[About this exercise]
Go to the line containing "Hill NSW 2880" and retype it and every later line exactly as written, up to the last line of the entries. Keep pictures out.

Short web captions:

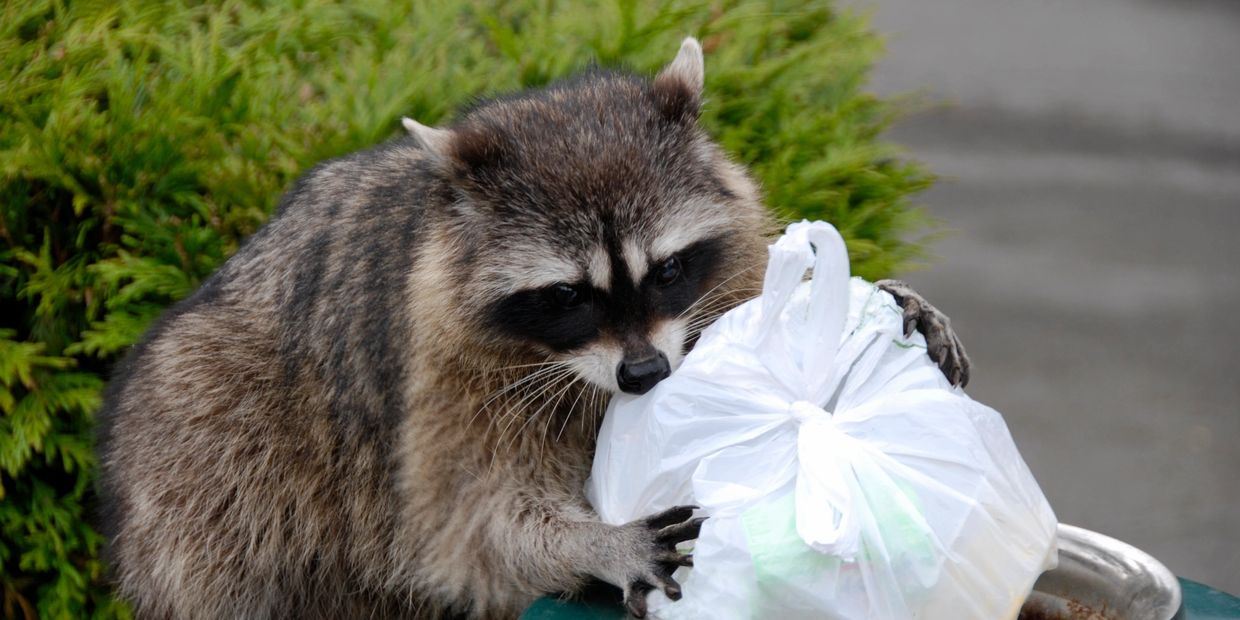 Raccoon, wildlife removal, pest control houston, exclusion 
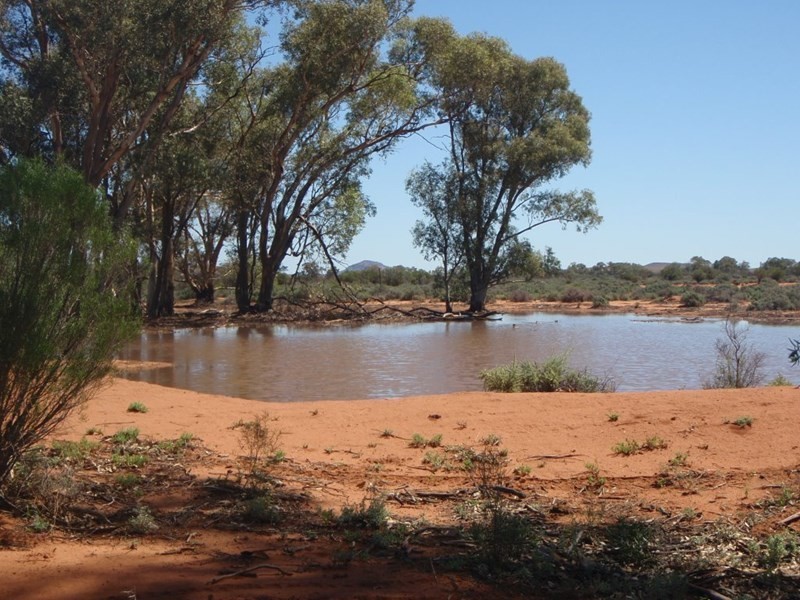 . “Kalabity Station”, Broken Hill NSW 2880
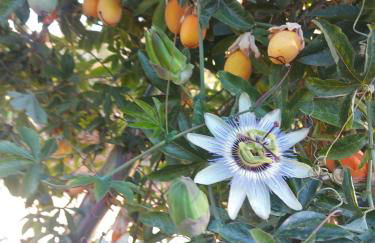 Casa La Taratola - Photo 30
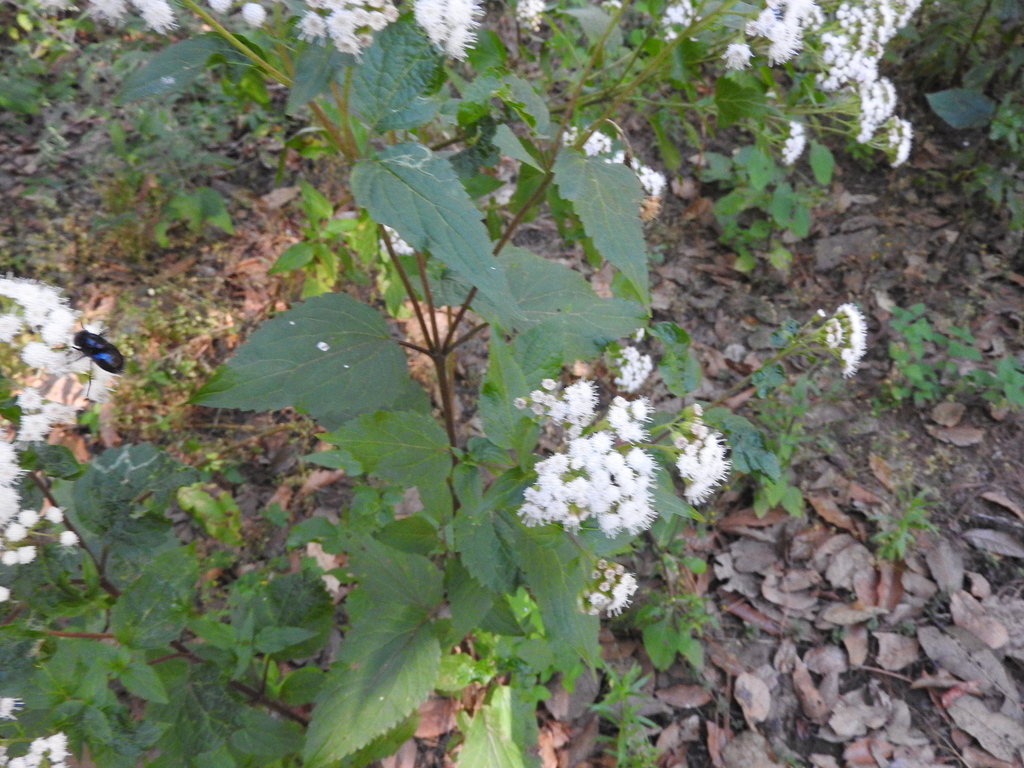 Ageratina petiolaris (Ageratina petiolaris)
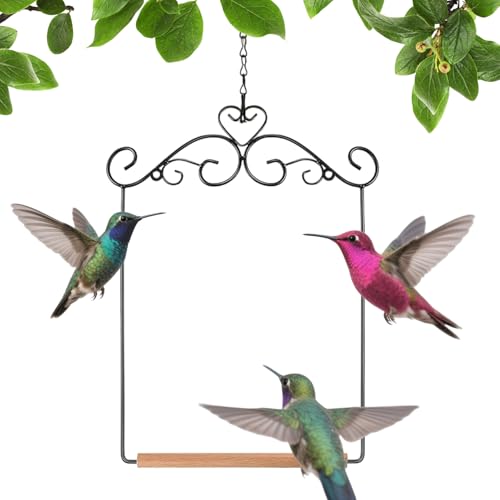 Kolibri-Schaukeln und Sitzstangen Metallrahmen, Hängende Vogelschaukel Vogelsitzstange mit Holzdübel und Aufhängeketten für den Außenbereich, Stamm, Rasen, Terrasse, Garten Kolibri-Schaukeln und Sitzstangen Metallrahmen, Hängende Vogelschaukel Vogelsitzstange mit Holzdübel und Aufhängeketten für den Außenbereich, Stamm, Rasen, Terrasse, Garten von Jingyash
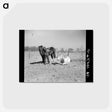 アートポストカード-Erasty Emrich and His Horse
 - ラッセル リー Postcard.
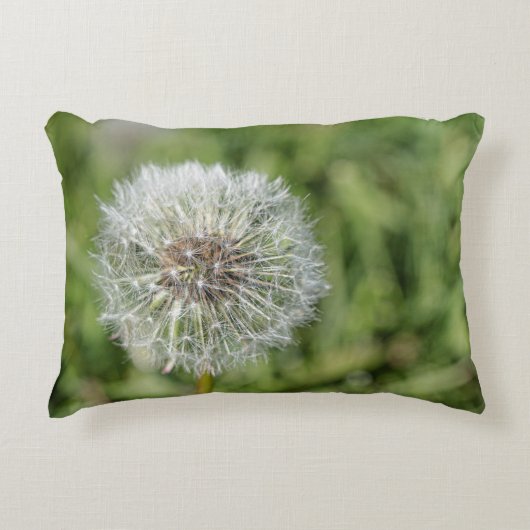 Witte dandelion bloem op groen gras accent kussen (Voorkant)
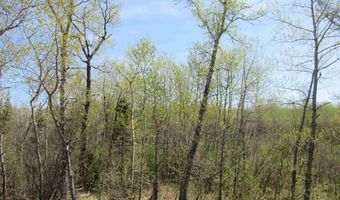 US 141 Road lot Lukes Road, Amasa, MI 49903
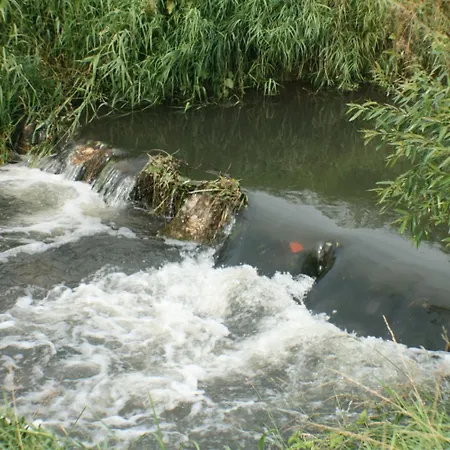 黛西高级酒店 住宿加早餐酒店 克拉科夫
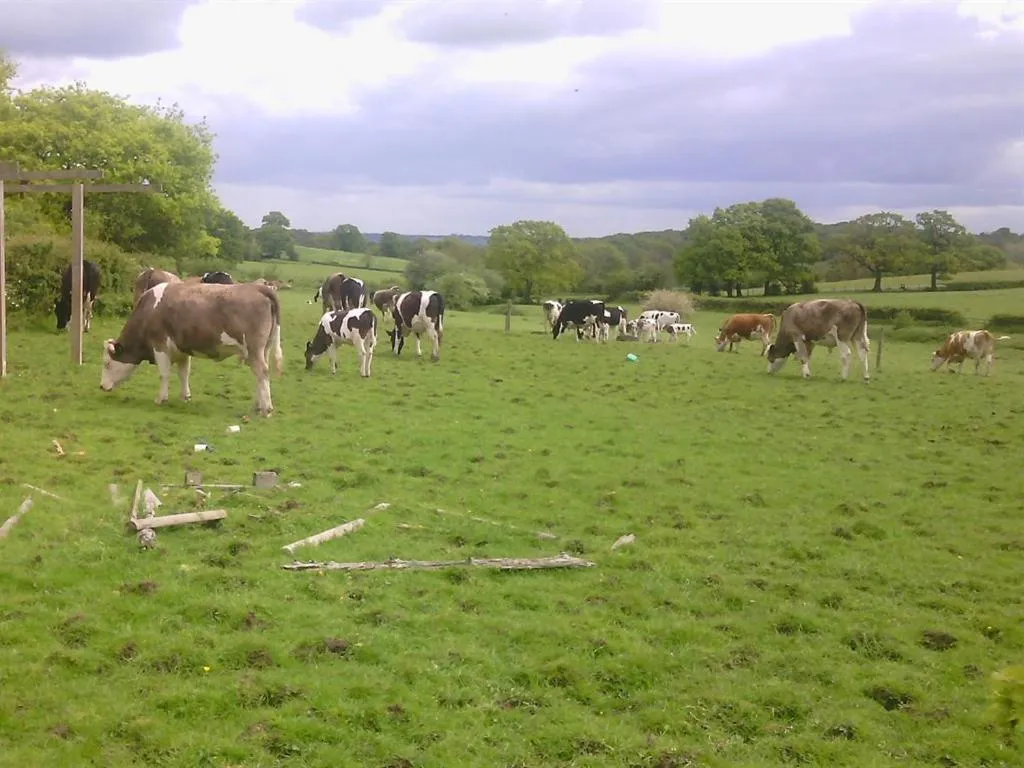 View (from property/room) in Beoley Lodge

[Result for this exercise]
 . “Kalabity Station”, Broken Hill NSW 2880
 Casa La Taratola - Photo 30
 Ageratina petiolaris (Ageratina petiolaris)
 Kolibri-Schaukeln und Sitzstangen Metallrahmen, Hängende Vogelschaukel Vogelsitzstange mit Holzdübel und Aufhängeketten für den Außenbereich, Stamm, Rasen, Terrasse, Garten Kolibri-Schaukeln und Sitzstangen Metallrahmen, Hängende Vogelschaukel Vogelsitzstange mit Holzdübel und Aufhängeketten für den Außenbereich, Stamm, Rasen, Terrasse, Garten von Jingyash
 アートポストカード-Erasty Emrich and His Horse
 - ラッセル リー Postcard.
 Witte dandelion bloem op groen gras accent kussen (Voorkant)
 US 141 Road lot Lukes Road, Amasa, MI 49903
 黛西高级酒店 住宿加早餐酒店 克拉科夫
 View (from property/room) in Beoley Lodge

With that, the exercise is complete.